We quite rarely consider Clyde Choate, the 30-year veteran of the Illinois House who also won a Medal of Honor as a U.S. Army sergeant stationed in Europe during World War II, but his namesake: the Choate Mental Health and Developmental Center in his longtime home of Anna.

Much can be written about Choate himself or the history of the 1869 Anna State Asylum, but in the last year the name has come to be synonymous with abject failure of state government.

Scott T. Holland

Capitol News Illinois and Lee Enterprises Midwest worked with ProPublica on a scathing investigative report on conditions at the facility. Read it all at propublica.org/series/culture-of-cruelty, but I’ve often returned to this paragraph, written after successful Freedom of Information Act requests to access eight Department of Human Services inspector general reports:

“These newly released reports, relating to events that occurred between 2017 and last spring, come on the heels of a series of news stories documenting repeated failures at the Choate facility. In September, reporters found that the IDHS inspector general had investigated more than 1,500 reported incidents of abuse and neglect over the decade ending in 2021, though staff have rarely faced serious consequences.”

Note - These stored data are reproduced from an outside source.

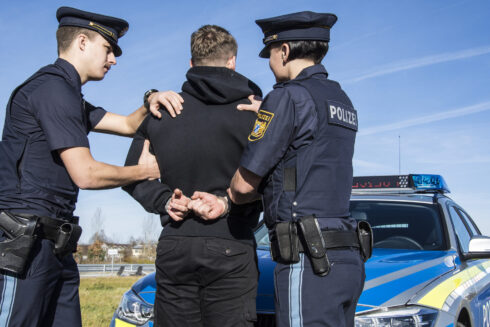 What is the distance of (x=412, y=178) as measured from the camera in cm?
533

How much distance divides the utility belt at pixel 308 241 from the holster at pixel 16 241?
1.18 metres

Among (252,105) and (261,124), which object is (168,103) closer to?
(252,105)

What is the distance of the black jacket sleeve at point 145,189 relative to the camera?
2857 mm

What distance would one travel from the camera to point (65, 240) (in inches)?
110

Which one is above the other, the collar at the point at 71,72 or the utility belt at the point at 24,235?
the collar at the point at 71,72

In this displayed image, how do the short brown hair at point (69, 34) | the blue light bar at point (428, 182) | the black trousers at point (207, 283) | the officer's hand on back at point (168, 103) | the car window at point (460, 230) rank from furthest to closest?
the blue light bar at point (428, 182) → the car window at point (460, 230) → the short brown hair at point (69, 34) → the officer's hand on back at point (168, 103) → the black trousers at point (207, 283)

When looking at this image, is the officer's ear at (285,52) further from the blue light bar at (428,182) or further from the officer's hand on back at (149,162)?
the blue light bar at (428,182)

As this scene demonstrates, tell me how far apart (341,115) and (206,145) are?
2.22 feet

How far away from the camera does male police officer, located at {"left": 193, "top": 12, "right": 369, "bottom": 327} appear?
2.32 metres

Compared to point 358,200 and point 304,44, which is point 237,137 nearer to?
point 304,44

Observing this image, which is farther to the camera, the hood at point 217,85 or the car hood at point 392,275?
the car hood at point 392,275

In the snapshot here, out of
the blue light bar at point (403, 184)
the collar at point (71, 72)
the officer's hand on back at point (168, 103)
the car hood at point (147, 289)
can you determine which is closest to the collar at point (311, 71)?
the officer's hand on back at point (168, 103)

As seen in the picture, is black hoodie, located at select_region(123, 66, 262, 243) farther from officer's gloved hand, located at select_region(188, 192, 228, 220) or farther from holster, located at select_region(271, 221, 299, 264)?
holster, located at select_region(271, 221, 299, 264)

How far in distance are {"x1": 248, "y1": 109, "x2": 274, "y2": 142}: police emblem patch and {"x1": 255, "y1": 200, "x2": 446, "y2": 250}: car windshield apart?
229 centimetres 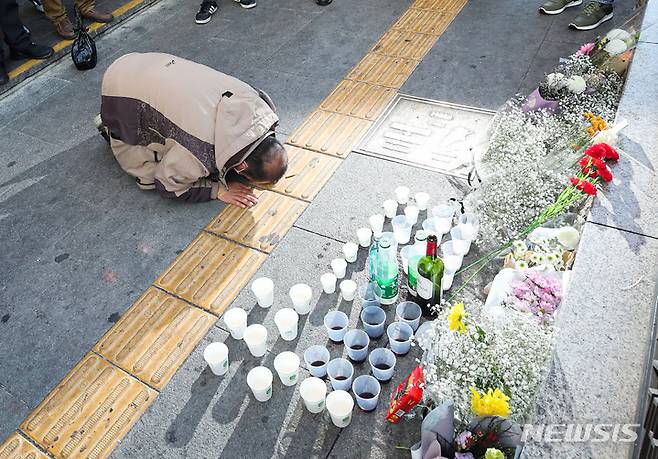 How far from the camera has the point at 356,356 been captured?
3.27 metres

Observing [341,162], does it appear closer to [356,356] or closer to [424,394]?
[356,356]

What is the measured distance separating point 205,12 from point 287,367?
219 inches

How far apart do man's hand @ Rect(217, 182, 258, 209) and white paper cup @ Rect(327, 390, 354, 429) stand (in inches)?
77.1

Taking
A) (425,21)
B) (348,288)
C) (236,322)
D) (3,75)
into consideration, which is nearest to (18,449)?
(236,322)

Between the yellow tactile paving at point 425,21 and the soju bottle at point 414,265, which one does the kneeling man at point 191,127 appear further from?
the yellow tactile paving at point 425,21

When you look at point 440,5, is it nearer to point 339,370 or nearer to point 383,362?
point 383,362

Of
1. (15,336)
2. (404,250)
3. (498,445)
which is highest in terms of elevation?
(498,445)

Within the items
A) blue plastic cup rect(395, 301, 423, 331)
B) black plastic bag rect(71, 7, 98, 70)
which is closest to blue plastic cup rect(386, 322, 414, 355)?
blue plastic cup rect(395, 301, 423, 331)

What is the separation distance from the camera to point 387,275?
3.49 meters

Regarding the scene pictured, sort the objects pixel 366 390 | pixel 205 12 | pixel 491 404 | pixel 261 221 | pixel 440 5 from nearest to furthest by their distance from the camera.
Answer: pixel 491 404 → pixel 366 390 → pixel 261 221 → pixel 440 5 → pixel 205 12

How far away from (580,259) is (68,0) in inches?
301

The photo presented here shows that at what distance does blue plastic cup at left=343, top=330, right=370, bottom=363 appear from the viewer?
3277 millimetres

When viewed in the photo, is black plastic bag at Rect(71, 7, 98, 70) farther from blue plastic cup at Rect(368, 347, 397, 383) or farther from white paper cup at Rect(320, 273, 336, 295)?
blue plastic cup at Rect(368, 347, 397, 383)

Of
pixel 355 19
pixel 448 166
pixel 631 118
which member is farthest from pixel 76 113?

On Friday, the Illinois Department of Human Services got ahead of FOIA queries and released a new report from DHS Inspector General Peter Neumer. Along with a letter from DHS Secretary Grace Hou, the 34-page document is available at dhs.state.il.us/page.aspx?item=152646.

The report says nothing new about Choate: staff repeatedly and systematically covered up their own abuse and neglect of residents, state state is scrambling to try to make things marginally better and ultimately, per the report, “a fundamental overhaul of the system is needed to establish a new culture where the reporting of abuse is automatic and not an act of courage.”

Enacting a zero-tolerance policy for abusing residents shouldn’t be controversial, but apparently we must first clear lower bars.

Unfortunately, the takeaways from Friday are much more broad and less impactful on the people actually suffering in Anna. That DHS made the report so easily accessible is commendable but is more accurately another example of something that simply ought to be standard procedure. Not just at DHS, but at every state agency.

Pulling that thread yields another lesson: administrators in every corner of state government should read the Choate report to identify possible commonalities with their own agencies. What are the systemic vulnerabilities and potential solutions?

It’s too late to fix some of the damage inflicted on Choate residents, but there’s always time to build a safer state.